Esordio per Alessandro Celli, a Venezia 78 nella sezione Settimana Internazionale della Critica, con un film distopico, ambientato in un futuro prossimo, in cui Taranto diviene una città fantasma, con le acciaierie all’orizzonte, e il miraggio dell’Africa come luogo cui approdare per uscire da una situazione di povertà e desolazione.
Un film che ha stupito la crew di Sugarpulp – per noi la sorpresa del Festival – coprodotto da Minerva e Groenlandia, e che segna una strada nuova per il cinema italiano, in una narrazione che è un mix fra Il signore delle mosche e La paranza dei bambini.
Sì in questo futuro molto vicino, con riverberi del reale, ci sono due ragazzini, orfani, recuperati dalla strada da un pescatore, in qualche modo da lui schiavizzati, stretti da un forte legame d’amicizia, che vogliono entrare nella gang delle “Formiche”, per riprendersi quello che la vita gli ha tolto.
La città, infatti, è divisa in zone recintate, classi sociali, bande che sopravvivono rubando, uccidendo, e le Formiche godono della guida di Testacalda, un convincente e sempre bravo Alessandro Borghi, a capo di ragazzi abbandonati (“i randagi”) nelle zone contaminate, manipolati da lui psicologicamente; del resto gli fa da “padre”, li accoglie, li fa crescere, ma, se non seguono le sue regole, diviene spietato.
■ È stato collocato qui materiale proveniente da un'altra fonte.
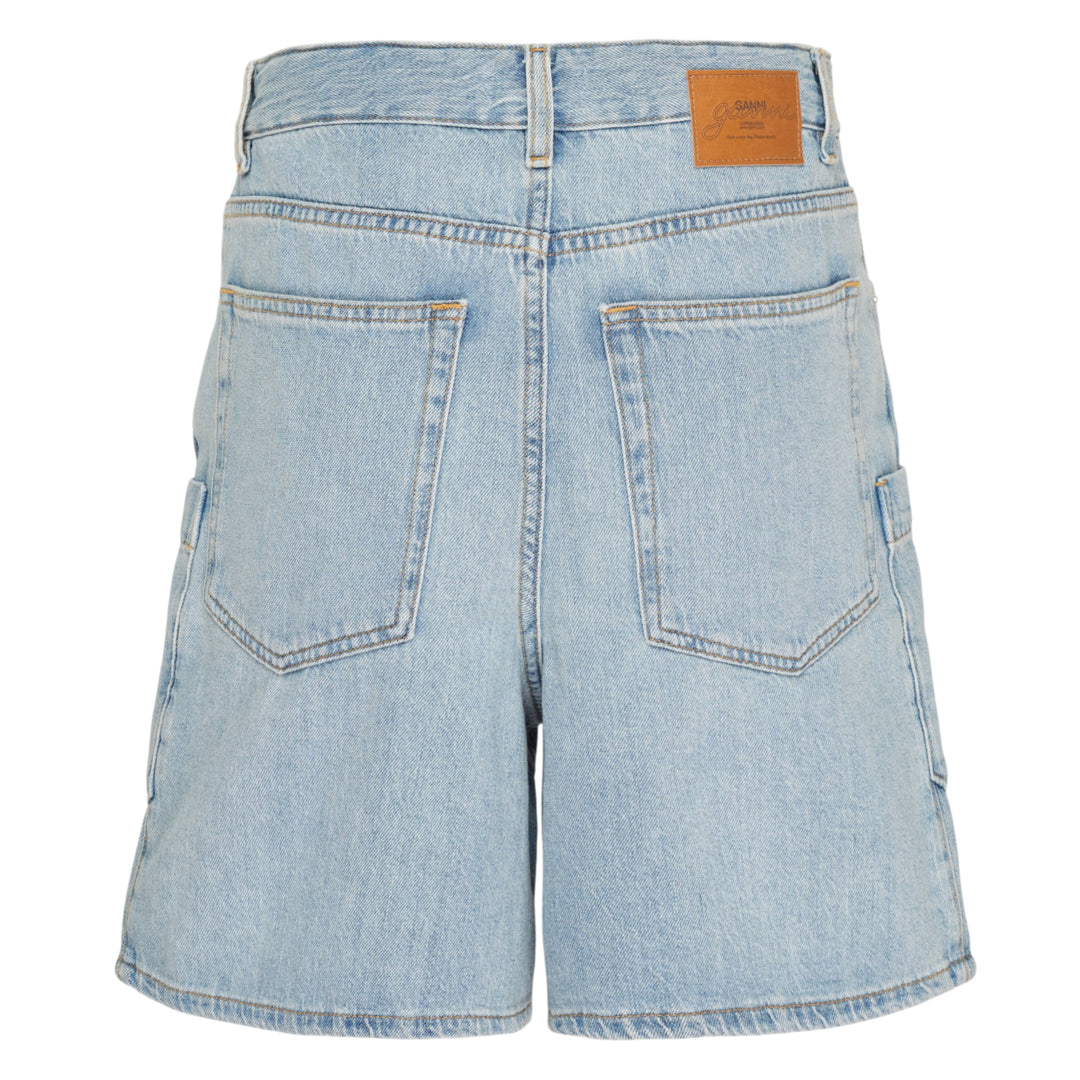 Lightweight Denim Baggy Cargo Shorts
I due orfani, cresciuti ai Tamburi, aspirano a farne parte, non senza una serie di difficoltà, visto che Pietro (Dennis Protopapa) supera la prova d’iniziazione, e viene accolto con il nome di battaglia di “Mondocane”, mentre Christian (Giuliano Soprano), che soffre di crisi epilettiche, viene deriso e schernito dagli altri ragazzi, che gli affibbiano il soprannome di “Pisciasotto”. Ma la loro amicizia non si spezza, e fa sì che entrambi non solo diventino parte della gang, ma vi si mettano in mostra, nelle imprese a delinquere che la banda persegue.
Ma questa gang ha anche una missione, segreta, che va ben al di là della semplice apparenza, ossia della voglia di delinquere, e di controllare un territorio, e questo sarà uno degli elementi che incrinerà l’unione fra i due tredicenni, l’altro sarà la figura di una ragazzina (Ludovica Nasti): del resto l’amore spariglia sempre le carte. Il racconto ha una sua tensione narrativa costante e crescente, un grandissimo ritmo, una regia personale, che non concede nulla alla noia, e in grado di unire il genere al sociale.
Un film che stupisce positivamente, del resto la produzione di Groenlandia di Matteo Rovere è oramai una garanzia, nel saper trovare nuove vie al cinema in Italia in cui i generi si mischiano, nel perseguire una sua poetica nel cinema di genere, esplorando territori lontani dal nostro cinema d’autore.
Celli, che ha scritto anche il soggetto di Mondocane – la sceneggiatura l’ha scritta insieme ad Antonio Leotti – dopo un passato fra corti e fiction, nel suo esordio a quarantacinque anni, è peraltro molto bravo anche a condurre sullo schermo questi giovani attori, davvero straordinari, in questo coming of age, racconto di formazione.
“Nella favela nata all’ombra dell’acciaieria, i figli dell’abbandono sopravvivono senza legge. Dimenticati nella città simbolo di un paese segnato dal degrado ambientale“, una Taranto dell’acciaio, polmone agonizzante, questo post-apocalittico, dalle influenze carpenteriane e milleriane, ha la chiave vincente nella sua declinazione attuale e sociale.